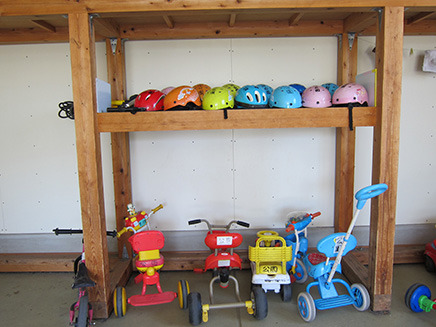 三輪車や幼児用ヘルメットも完備。
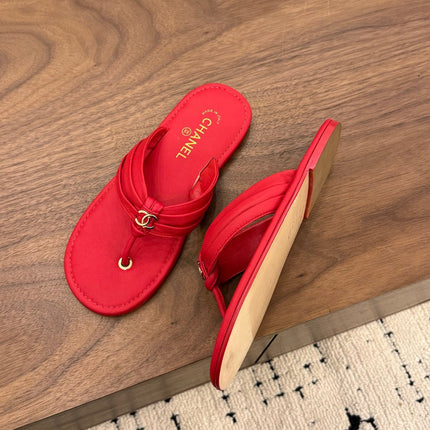 CHANEL 26S THONG SANDALS IN RED CALFSKIN WITH CC LOGO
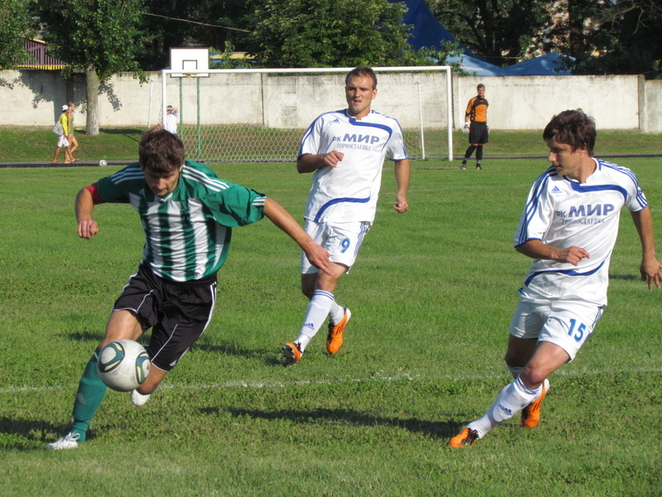 Сергей Гранковский рвется к воротам "Мира"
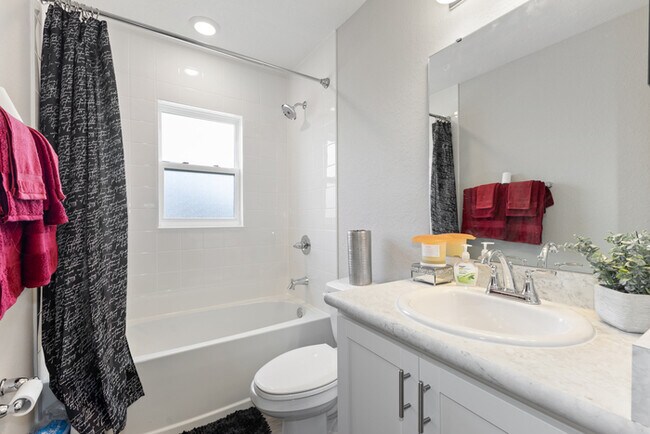 Building Photo - 2172 Desert Rose Dr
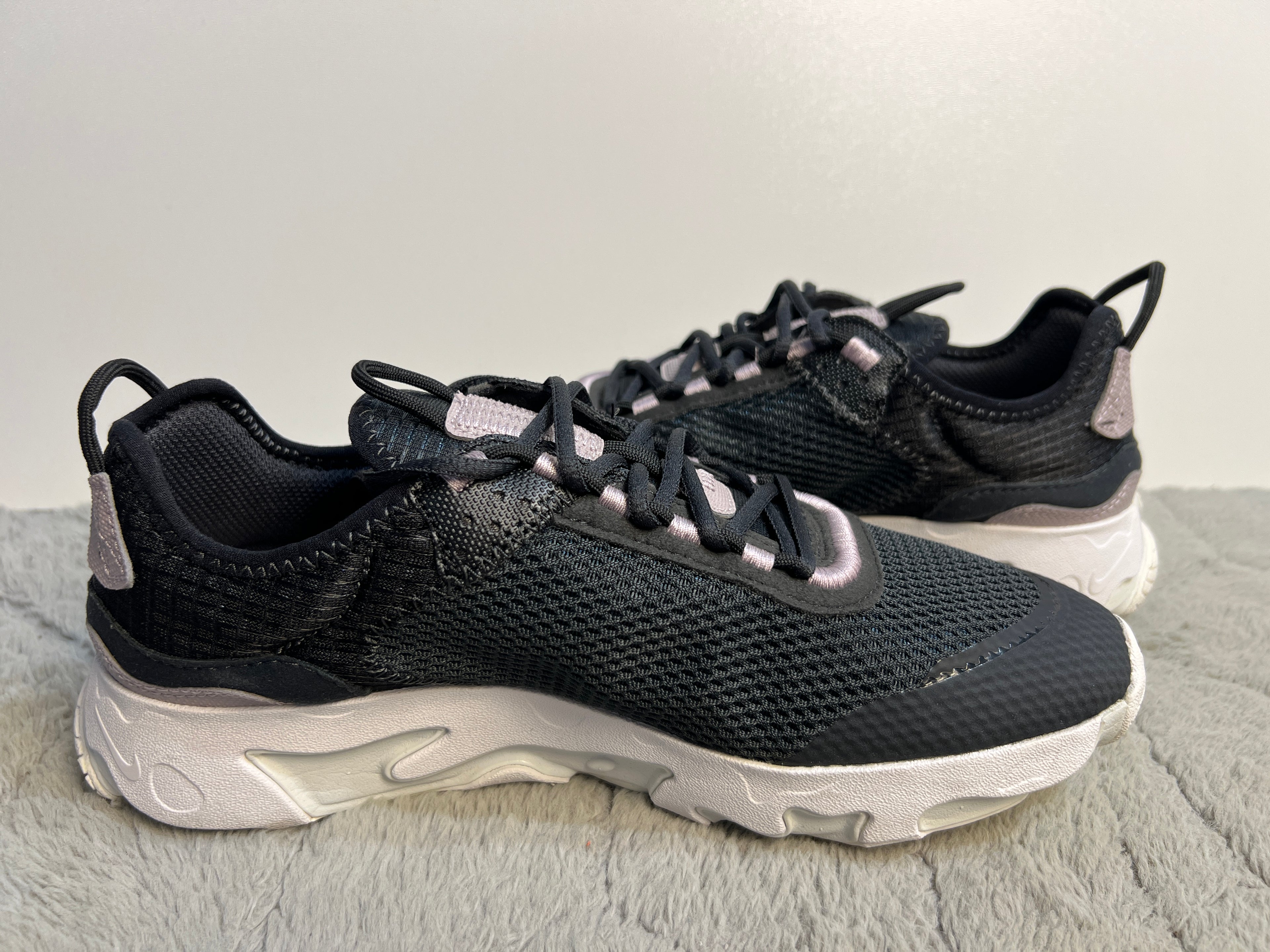 NIKE REACT LIVE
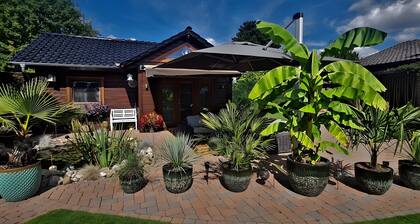 Holiday Home “Ferienhaus-Burg” with Private Terrace, Shared Garden, and Wi-Fi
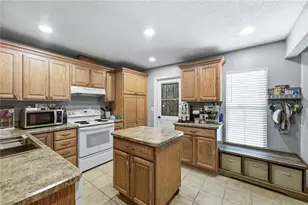 407 South Ave, Eustis, FL 32726 - Photo 11
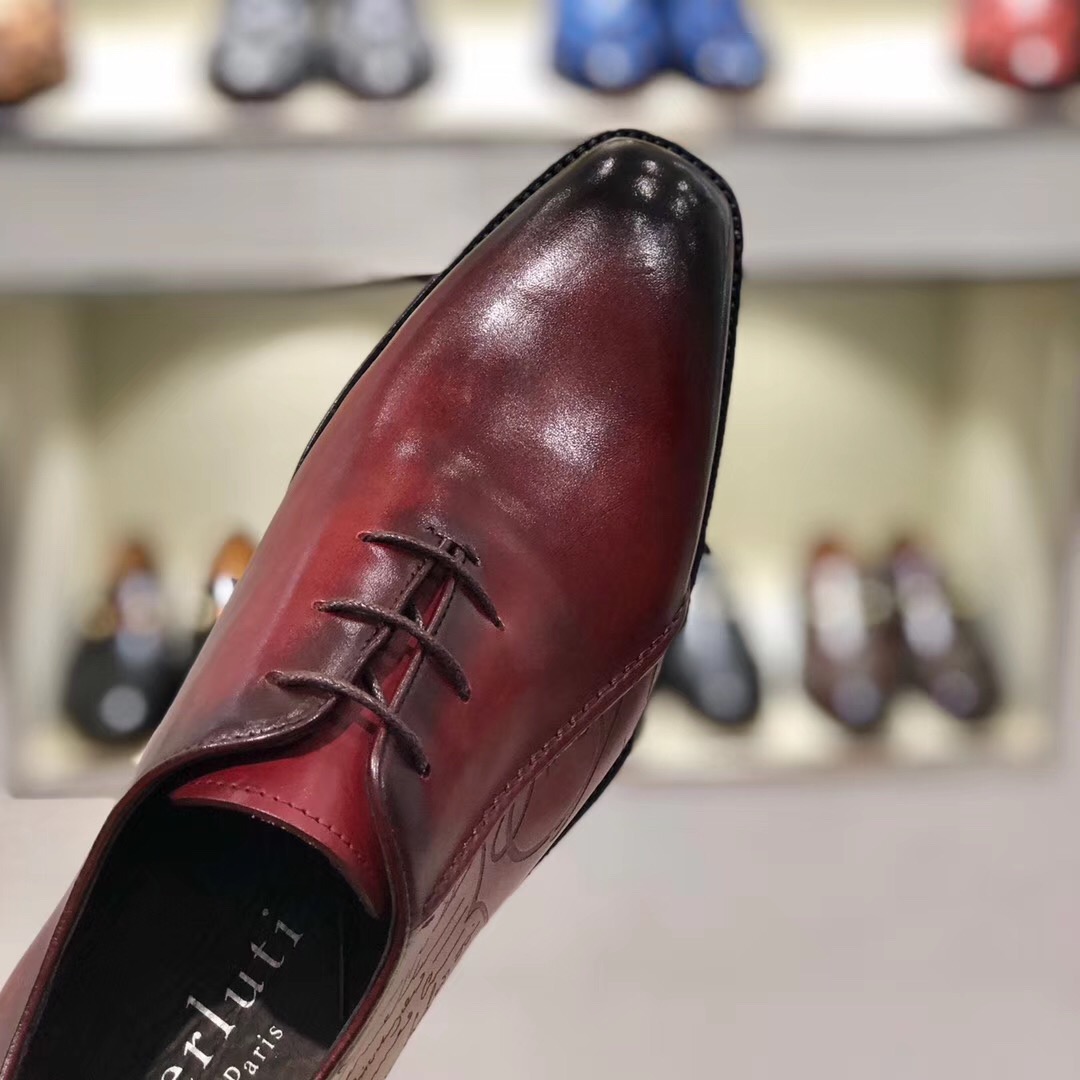 [Berluti] Boutique de alta gama color cepillado pintado a mano de cuero de vaca importado, suela de 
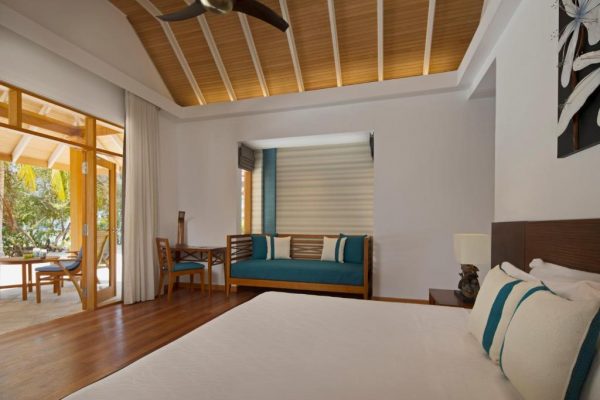 Deluxe Bungalow – Beach Front – Kurumba Maldives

Exercise details:
Only the lines from the one with "Building Photo - 2172 Desert Rose Dr" through the end of the listing above should be output, exactly as written and with no pictures.

Answer below:
 Building Photo - 2172 Desert Rose Dr
 NIKE REACT LIVE
 Holiday Home “Ferienhaus-Burg” with Private Terrace, Shared Garden, and Wi-Fi
 407 South Ave, Eustis, FL 32726 - Photo 11
 [Berluti] Boutique de alta gama color cepillado pintado a mano de cuero de vaca importado, suela de 
 Deluxe Bungalow – Beach Front – Kurumba Maldives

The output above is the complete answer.